• **Task goal**
Where the line containing "Special Delivery North Pole Santa Sack" appears, begin retyping; continue exactly through the final line of the data. Omit every picture.

———

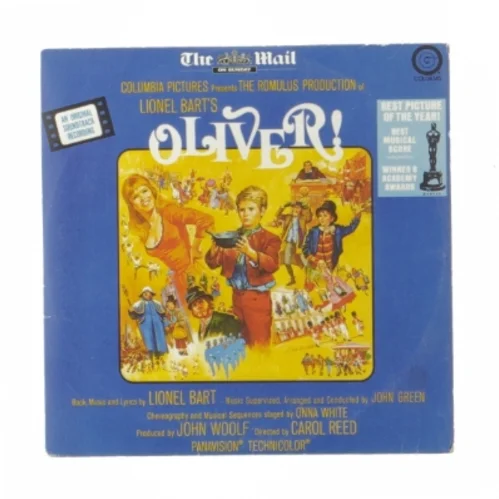 Original soundtrack CD af Oliver! fra Colgems (str. 12,5x12,5 cm)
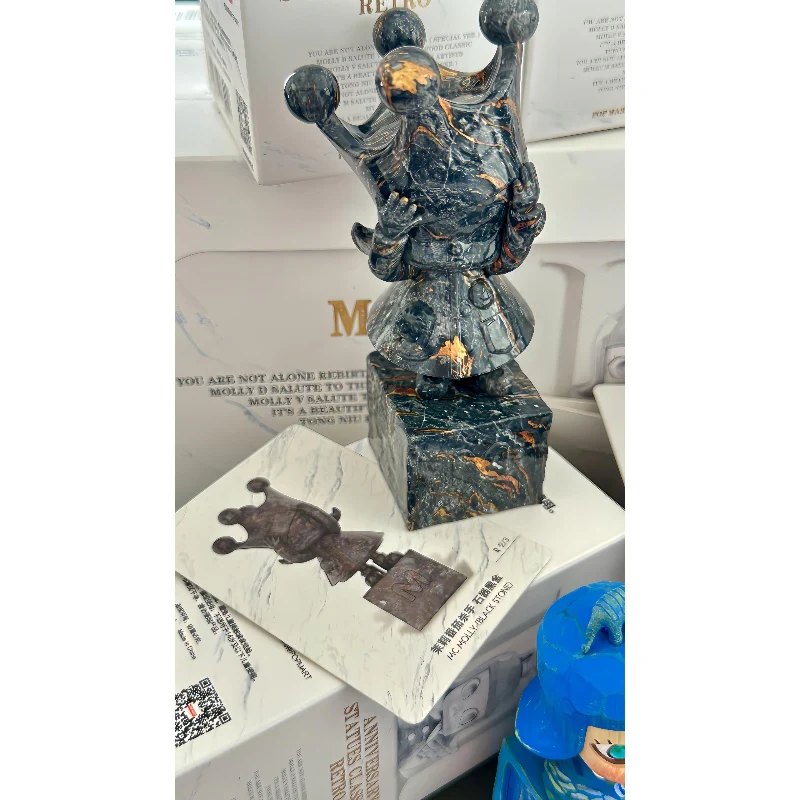 MOLLY Anniversary Statues Classical Retro 2 Series Secret MC MOLLY(Black Stone) - tumbierware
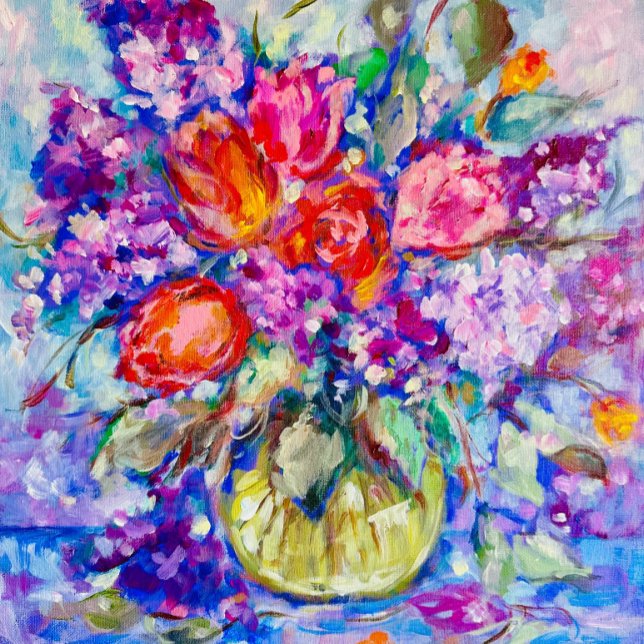 Watercolor Original Danke Business Card Mini Visitenkarte (Von Creator hochgeladen)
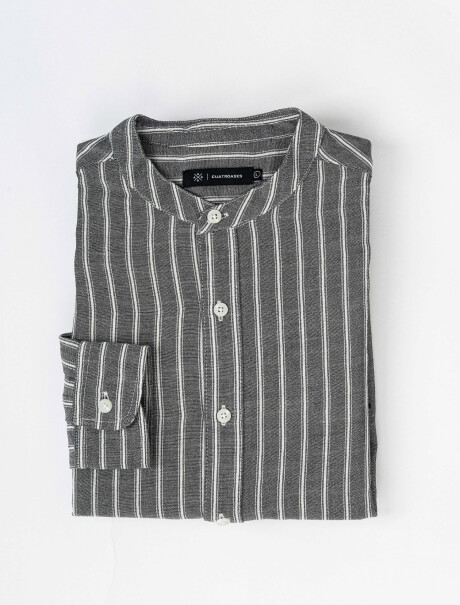 Camisola m/l rayada negro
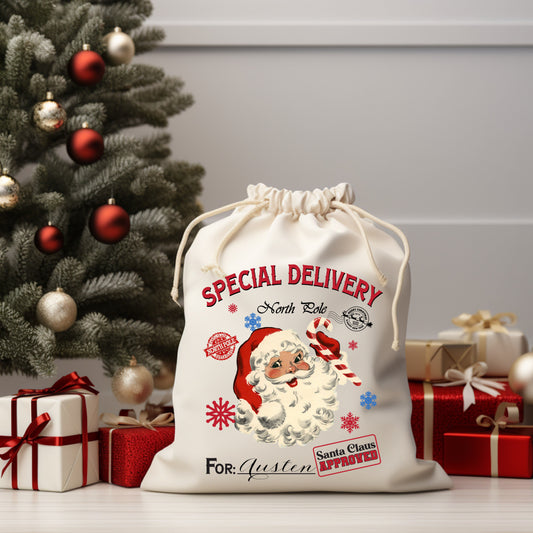 Special Delivery North Pole Santa Sack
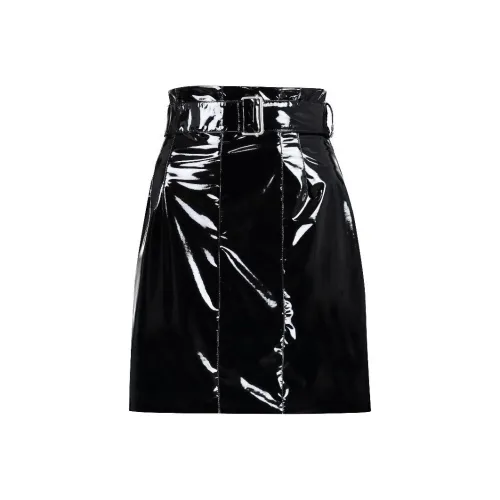PHILOSOPHY DI LORENZO SERAFINI Повседневные короткие юбки Женские Черный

———

• **Answer section**
 Special Delivery North Pole Santa Sack
PHILOSOPHY DI LORENZO SERAFINI Повседневные короткие юбки Женские Черный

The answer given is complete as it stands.